BitClout uses its own native cryptocurrency ($Clout) which is earned by posting and adding value on the platform (as recognised by your fellow users who can ‘trade’ in your own token). $Clout can also be purchased on the platform using Bitcoin.

An opportunity exists to quickly and easily create, buy and sell NFT on BitClout. This may yet be a revolutionary way in which the NFT market is opened up to more people and becomes seamlessly integrated in our lives via social networking.

Get involved

In spite of the vast sums of money being spent on NFTs right now, the market is well and truly in its infancy.

As a strand of blockchain, it’s fascinating for the potential it offers to revolutionize the way creators bring their work to the world and make money from it. Through its intersect with the world of art, NFT will bring great numbers of people into the blockchain ecosystem that was previously dominated by technologists and crypto investors.
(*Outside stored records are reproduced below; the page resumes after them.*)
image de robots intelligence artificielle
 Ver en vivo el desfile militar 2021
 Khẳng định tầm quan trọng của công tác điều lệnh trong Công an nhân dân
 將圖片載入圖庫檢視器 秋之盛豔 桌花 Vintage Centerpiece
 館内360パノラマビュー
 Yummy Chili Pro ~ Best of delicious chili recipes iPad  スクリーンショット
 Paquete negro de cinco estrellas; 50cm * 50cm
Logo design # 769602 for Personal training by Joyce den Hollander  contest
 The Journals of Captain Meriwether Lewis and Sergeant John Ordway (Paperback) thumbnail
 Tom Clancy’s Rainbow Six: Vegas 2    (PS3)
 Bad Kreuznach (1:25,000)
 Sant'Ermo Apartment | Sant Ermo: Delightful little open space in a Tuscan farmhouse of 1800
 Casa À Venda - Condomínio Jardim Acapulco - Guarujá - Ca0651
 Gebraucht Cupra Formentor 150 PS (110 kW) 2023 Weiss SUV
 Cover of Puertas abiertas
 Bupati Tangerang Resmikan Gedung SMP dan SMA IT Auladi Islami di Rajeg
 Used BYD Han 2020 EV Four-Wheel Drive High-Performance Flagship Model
That too is a really good thing.

It’s dizzying trying to keep up with things in the NFT space, but also massively exciting too — that new platforms and use-cases are constantly emerging which is another big positive in my view. It signals that there’s still lots of potential that’s as yet unexplored.

If you were skeptical over the potential of NFT, or fearful at having missed the boat then I hope you’ve been convinced to get involved.

Explore, investigate and seek to understand. Maybe there’s something in the NFT mania that you can benefit from too?